# Grandma Maes Country Naturals



## GCNJ (Jan 16, 2009)

New to the forum and would like to know know if anyone has heard of or used Grandma Maes Country Naturals dry dog food and if you have what do you think of it----Thanks

Grandma Mae's Country Naturals


----------



## BoxerMommie (Jun 26, 2008)

No I have never heard of it, but I looked at the site. It doesn't look bad, comparable to other foods such as Wellness. However they claim it is gluten free and it is not. Barley and oats both contain gluten, so not sure how they can claim that and I'd wonder about a company that is promoting things that aren't true. Other than that it doesn't look like a bad food, however if your dog has a gluten allergy it is NOT gluten free.


----------



## GCNJ (Jan 16, 2009)

Thanks for pointing out about the gluten. The reason I asked about the Grandma Maes is that I am searching for a new dog food. For many years I used Nutro until in my opinion it turned into garbage. I have a three year old GSD and a ten year old shep/lab mix and about a year ago started feeding them Canidae ALS with good results until one of them started having loose yellow stools,started foot biting and both dogs had increased shedding and low energy level. After reading all of the horror stories about Canidae and also seeing the color of it change I wanted to switch again.
Choosing a dog food has turned into rocket science it seems for many of us that just want to do the right thing for our animals.


----------



## BoxerMommie (Jun 26, 2008)

If your dogs don't have allergies, and that food is local for you and in your budget then I don't see any huge red flags on feeding it and it'd be worth a try.
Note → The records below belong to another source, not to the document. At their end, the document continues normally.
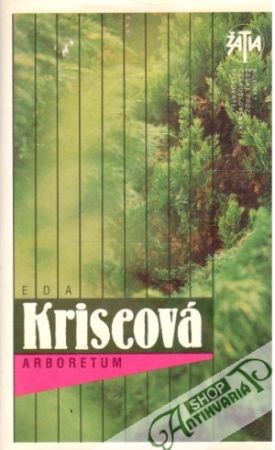 Arboretum - Kriseová Eda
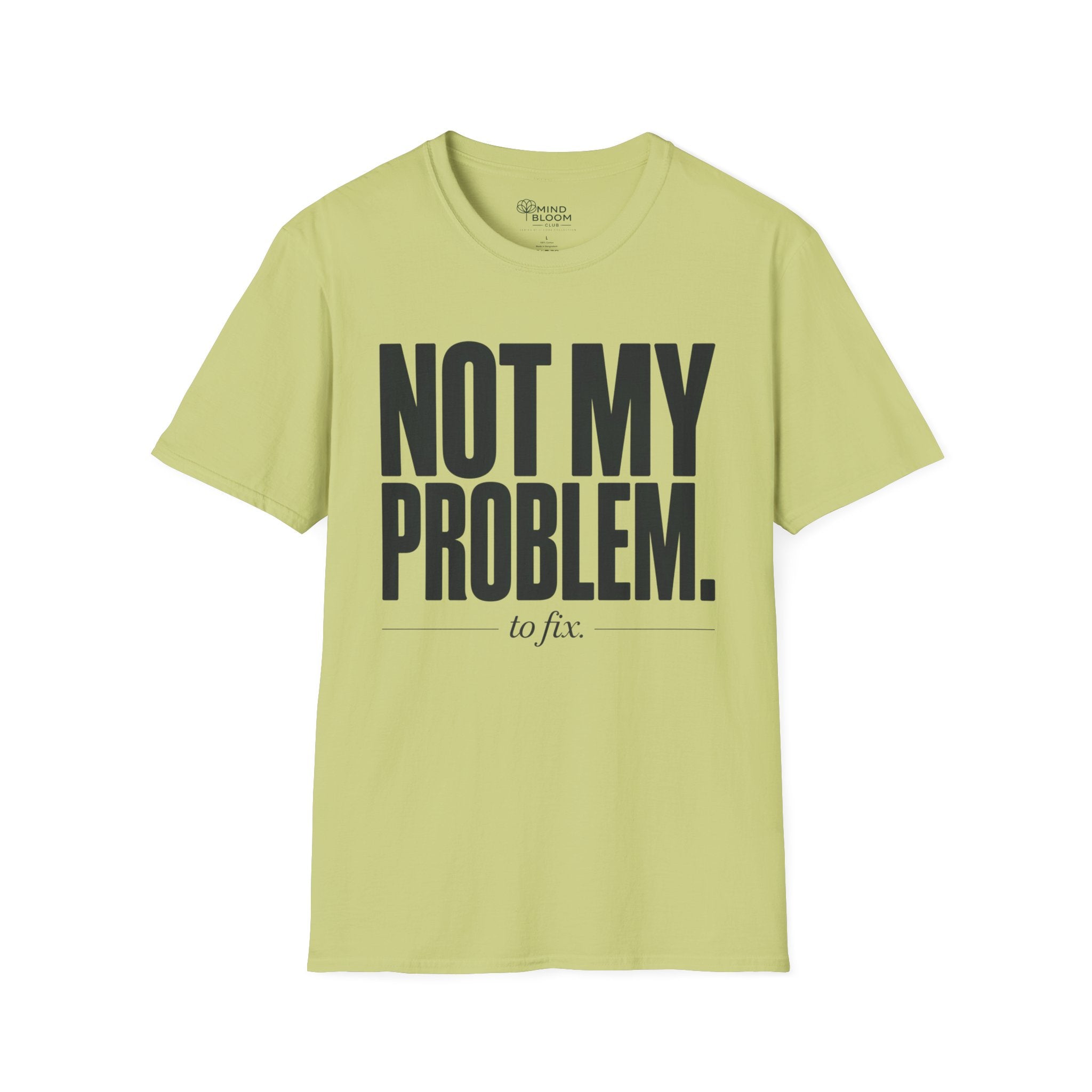 Not my problem to fix T-Shirt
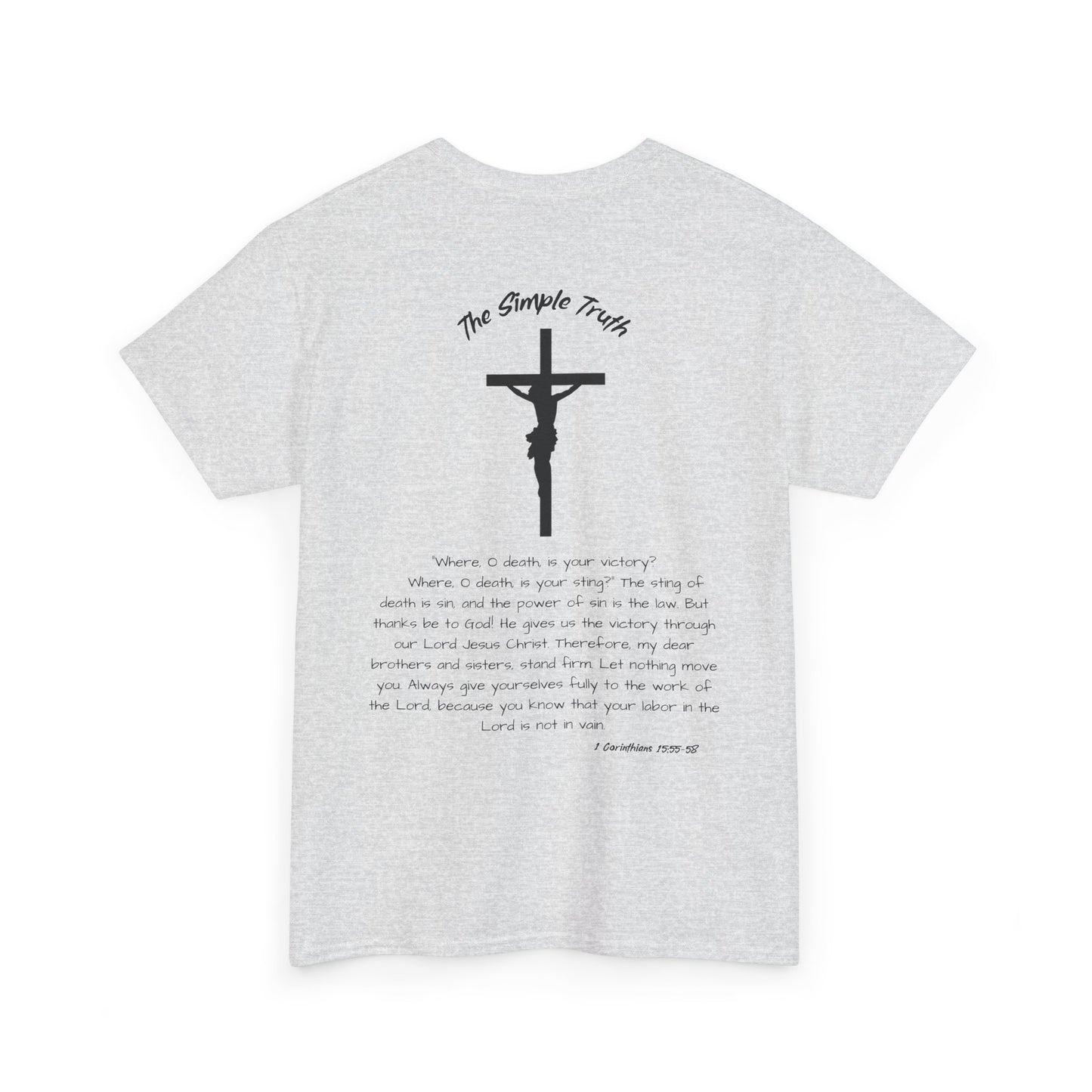1 Corinthians 15:55-58 Black Print Bible Verse Unisex Heavy Cotton Shirt - From "The Simple Truth" Collection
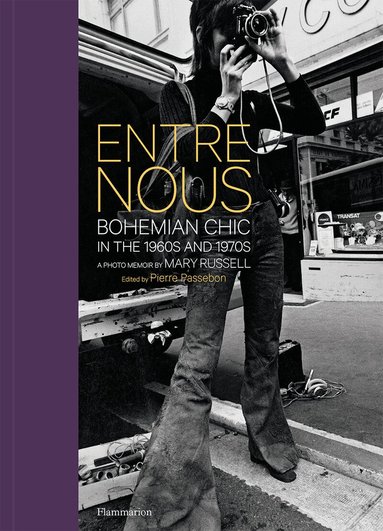 Mary Russell, Pierre Passebon - Entre Nous: Bohemian Chic in the 1960s and 1970s, Inbunden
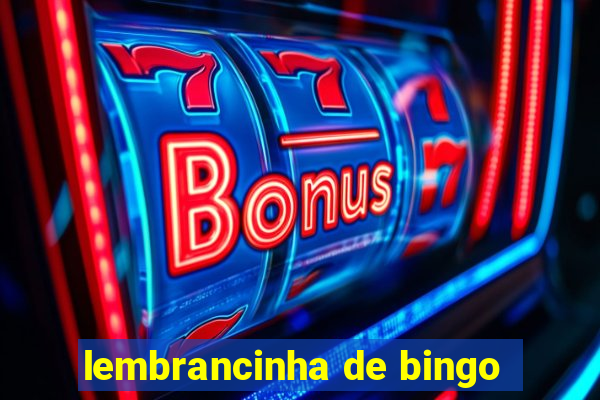 lembrancinha de bingo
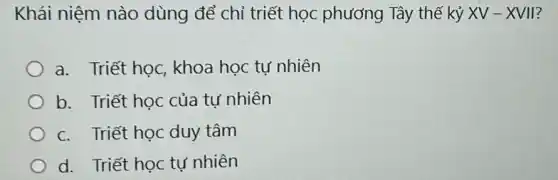 Khái niệm nào dùng để chỉ triết học phương Tây thể kỷ XV-XVII
a. Triết học, khoa học tự nhiên
b. Triết học của tự nhiên
c. Triết học duy tâm
d. Triết học tự nhiên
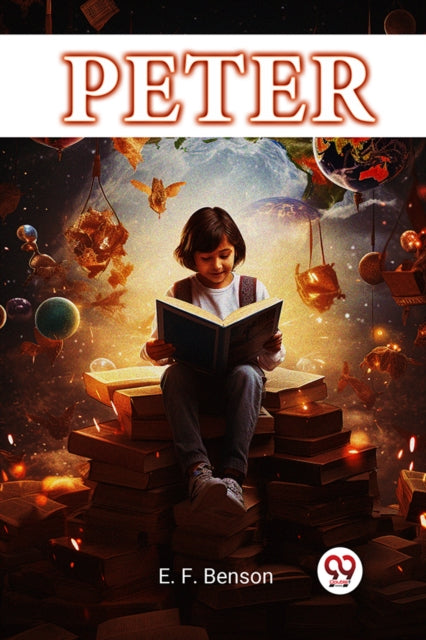 Peter By E. F., Benson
However depending on the price or how much effort you have to put into getting it there are better foods like Wellness, Innova, California Natural, Solid Gold as well so it just depends on your circumstances, it's price, and ease of getting for you.

Good luck!


----------



## Pet Geek (Jul 9, 2010)

Just an FYI- research has found that oats really do not contain gluten as we once thought, Barley on the other hand does have low levels of gluten. Also, it is a higher quality food than Solid Gold, and Innova and California Naturals are owned by P&G so i would expect them to go down hill quickly.


----------